Potrei dire una stupidaggine ma credo che la sua ignoranza in merito alle restrizioni sia davvero grave. In una delle ultime era prescritto: evitare gli specchi in casa in quanto potrebbero contagiarci con una nostra immagine imperfetta che, imprimendosi nella memoria, finisce per far marcire definitivamente la nostra autostima. E con tutti i batteri e virus che abbiamo in giro, ci manca solo questo! Invece di usare lo specchio meglio mettere in sua vece una nostra immagine ideale. Molto più comodo, no? Una volta ci si alzava la mattina e la prima faccia che riceveva il nostro cervello, già provato da una notte agitata, era quella di uno che sbadiglia, con capelli arruffati e unti, barba incolta, rughe disidratate.
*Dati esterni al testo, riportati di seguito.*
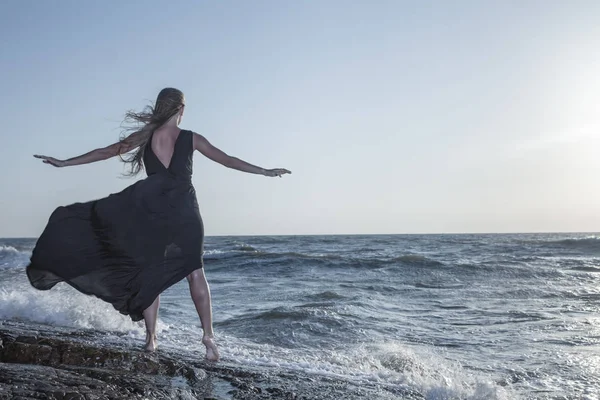 Jovem mulher na praia do mar — Fotografia de Stock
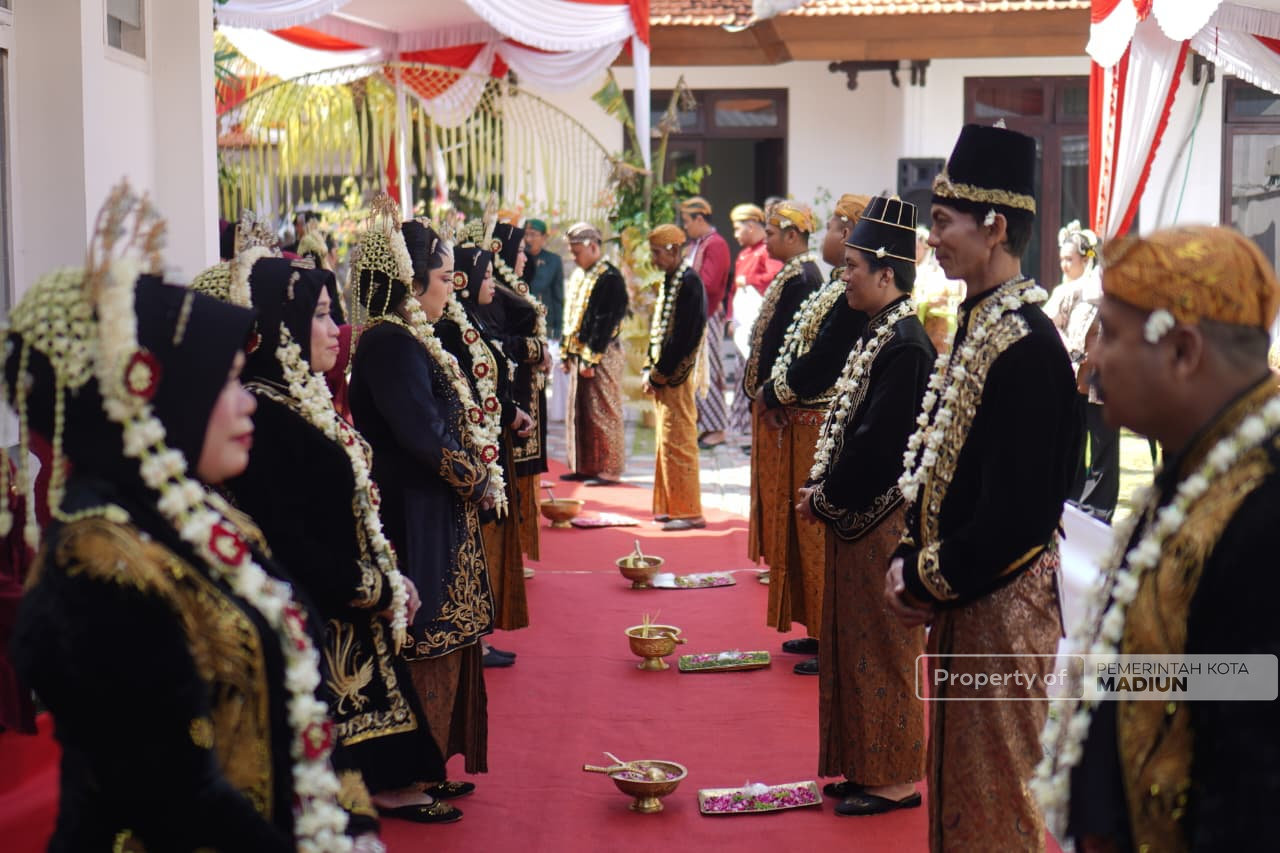 Lestarikan Warisan Budaya, Pemkot Madiun Hadirkan Prosesi Akad Nikah dan Lomba Tata Rias Pengantin Adat dalam Rangka HUT ke-108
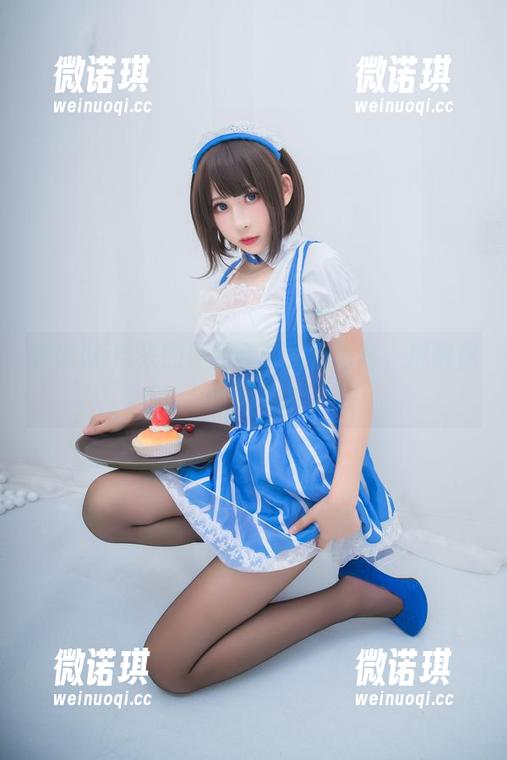 雯粥粥i带来的黑丝全套女仆写真，挑战你的承受力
E dàgli con acqua e sapone, doccia, rasoio, crema, deodorante ecc. Ma dico io: se grazie all’uso dell’ipermascherina che riveste ormai tutto il volto, sigillando ogni feritoia raggiungibile da un ospite sgradito, non riusciamo più a vederci l’un l’altro, che senso ha vedersi ancora allo specchio prima di verificare se siamo “presentabili”?
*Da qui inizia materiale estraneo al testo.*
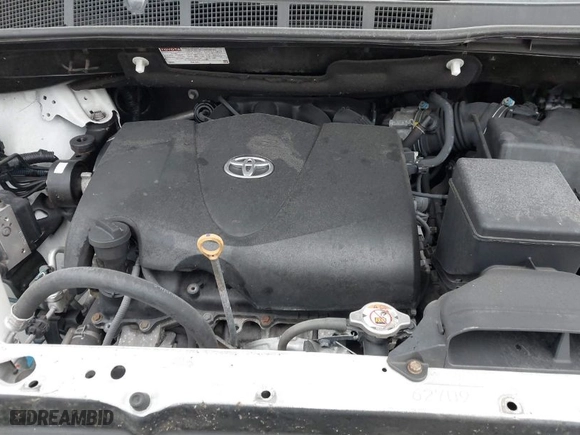 2019 Toyota Sienna XLE with VIN 5TDDZ3DC8KS215123, listed as a IAAI auction lot 41463639 with 138,815 mi miles. Bid and sale history available at carsss.com. Image 10.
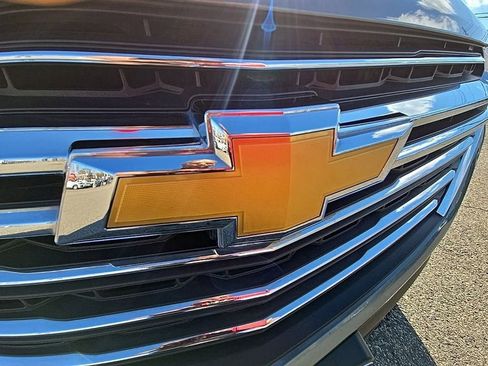 Used 2023 Chevrolet Traverse LT image 41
Neanche questo capisce il mio caro vicino. È proprio un marziano! Bastano gli occhi, gli ripeto, purché protetti da uno schermo trasparente che permetta di osservare l’esterno. Lui, no: usa la mascherina solo quando si affaccia sul pianerottolo, per non farsi beccare dalla telecamera che sorveglia premurosamente ogni nostro prezioso minuto vissuto nello spazio pubblico. Una mascherina di carta verdognola, stropicciata, come se fosse rimasta schiacciata in fondo a un cassetto, di quelle che scivolano sulla bocca mentre parli, e lasciamo scoperte le narici che aspirano quest’aria colma di microbi necrotici. Che orrore. Ieri gli ho consigliato di prendersi un drone casalingo, per dimostrare che ci tiene alla sua salute, e soprattutto per far capire ad eventuali ispettori che lui non vuol entrare nella lista degli ORC (ostinati riottosi capatosta), sottoponendosi a un doppio controllo sanitario, ogni settimana, per l’analisi delle feci e la rilevazione metodico della traspirazione ascellare. Dietro lo spiraglio della porta, ho intravisto il suo viso in ombra, che mi guardava con l’attenzione che il cortese visitatore di un altro pianeta riserva verso una proposta bizzarra. Non mi ha detto né sì né no, ma un rassicurante anche se incredulo “ci penso”.

Non volli insistere. Fu allora che cominciò a piovere a dirotto. Uno scroscio, poi un altro, quindi vetri che tremavano, aggricciavano, gemevano come sforzati da una grandinata d’altri tempi, ma era solo un acquazzone particolarmente violento, uno di quelli che arrivano all’improvviso, ormai sempre più di frequenti: piovevano squali. Un fenomeno curioso per chi non vive sulla terra e vede poco la televisione e non si tiene informato. So che è già in fase di studio un’ordinanza del governo che ci metterà al sicuro da questo increscioso fenomeno meteorologico. Sono sicuro che andrà tutto bene.